Lewis Smith took part in the Frontier Development Lab internship during summer 2019 working on flood detection and response
I took part in the 2019 FDL Europe program as part of the disaster prevention and response team, working on flood detection and response. Satellite imagery is extremely important and useful in flood disaster response, but there are limitations to existing infrastructure. One of the most fundamental is the revisit time - a satellite in a polar orbit may only be able to image a particular area once every few days, depending on it’s latitude. For example, ESA’s sentinel mission has a worst case revisit time of 5 days. The most obvious way to reduce the revisit time is to have a larger constellation of satellites, but this has obvious implications for the cost of a mission. Again to take sentinel as an example, the pair of satellites cost €350 million. One solution to this problem is to look into the potential of ‘cubesats’, smaller satellites made out of cheaper, commercial components and assembled out of fixed size ‘units’ of 10x10x10cm. While originating in academia as an inexpensive way to demonstrate new technology, they have recently been taken more seriously as a commercial or scientific proposition.
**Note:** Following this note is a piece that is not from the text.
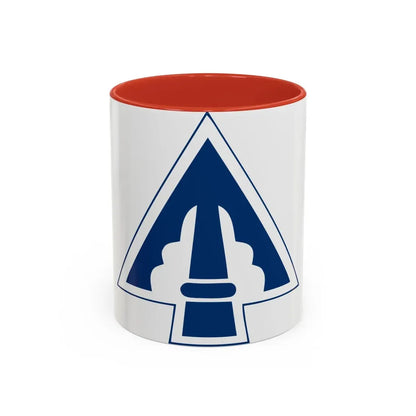 XXII Corps (U.S. Army) Accent Coffee Mug 11oz Red - Go Mug Yourself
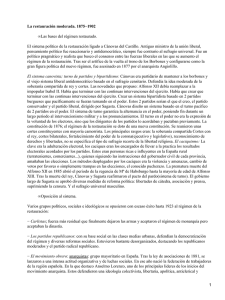 Restauración moderna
You could feasibly launch a fairly large constellation of cubesats for the cost of a single sentinel, massively improving the revisit time. However, cubesats have their own challenges. There is an obvious trade of in the quality of imaging that can be produced relative to a more expensive satellite like the sentinels, but there are also issues with communication and battery life. Scheduling downlink communications with a lot of satellites simultaneously can be a challenge, and the small size of cubesats means they cannot transmit continuously for long due to their battery life. As a result, reducing the amount of data that a cubesat constellation needs to send to the ground would be an important step in making this proposal practical.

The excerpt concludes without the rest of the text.